Young footballers practice at a Kolkata maidan. Pic for representation
The cash, noted the state's CAG unit, was distributed in phases by the state government's sports ministry ever since TMC swept to power in 2011. The sports ministry in the state is headed by Madan Mitra, a powerful associate of CM Mamata Banerjee.
Mitra, who is rumoured to be involved in the Sharada Chit Fund case, having benefited from the scam, recently got himself admitted in a hospital complaining high blood pressure and chest pain.
But there are chances that officers of the Central Bureau of Investigation (CBI), probing the Sharada case, could interrogate him in the hospital itself.

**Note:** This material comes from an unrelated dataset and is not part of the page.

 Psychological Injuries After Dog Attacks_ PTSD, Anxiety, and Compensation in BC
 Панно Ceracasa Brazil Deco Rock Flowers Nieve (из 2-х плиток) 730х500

And now, this CAG note could add further complications for Mitra. The CAG, it is reliably learnt, has raised questions over this "peculiar disbursal of cash", citing several instances where clubs were registered after they were paid by the sports department of the state government.

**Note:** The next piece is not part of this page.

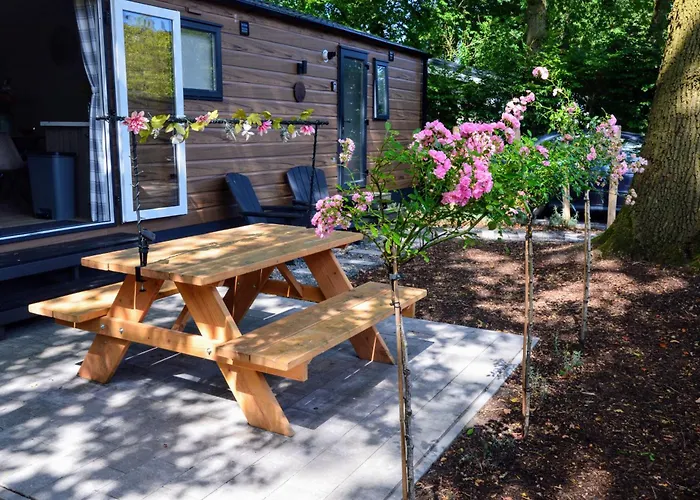 Gezellig Vakantiechalet In Bosrijke Omgeving Op De Veluwe *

Consider this one. Once it swept into power, dislodging the three decades old Left Front government, the TMC identified 563 clubs - an unusually high figure - and distributed Rs 11 crore 26 lakhs.
Then, another 137 clubs were identified for disbursal of a total of Rs 2 crore, another 1614 clubs were identified having received Rs 3 lakh each and another 781 clubs got Rs 1 lakh each. This totaled nearly Rs 40 crores.
Unsatisfied answers
In 2013-14, another 2000 clubs were shown having received Rs 2 lakhs each and 2395 old clubs got Rs 1 lakh each, the amount totaling Rs 63 crore 95 lakhs. This, coupled with a crore or two used for state functions at Salt Lake Stadium, came to Rs 64 crores.
CAG officers, who had a series of meetings with top officials of the state sports department, were at sea because no one could give "satisfying answers about the clubs and what did they do".
The CAG suspects that rules were flouted by the sports department of the state government which offered the cash for construction of club building and purchase of equipment, but ignored - in many cases - the mandatory requirements like bank account, land lease deed or No Objection Certificate from the owner of the land.
The CAG found that as many as 1618 clubs got Rs 2 lakhs each on the basis of recommendation from the local legislator. "On paper, the amount looks less but cumulatively, it is a lot of money," a top CAG official in Kolkata said in a telephonic interview.
The CAG official, who cannot be named under government regulations, said the sports department of the state government has admitted flaws in the cash disbursal
system.
'It's a scam'
Kanti Gangopadhyay, sports minister in the previous Left regime, said: "This is nothing but a scam. During our times, we would only offer financial help to clubs that had their own grounds and building. And that too, we could support only 500-800 clubs across the state. Does West Bengal have so many clubs? And even if these clubs exist, what do they do? Play carom?"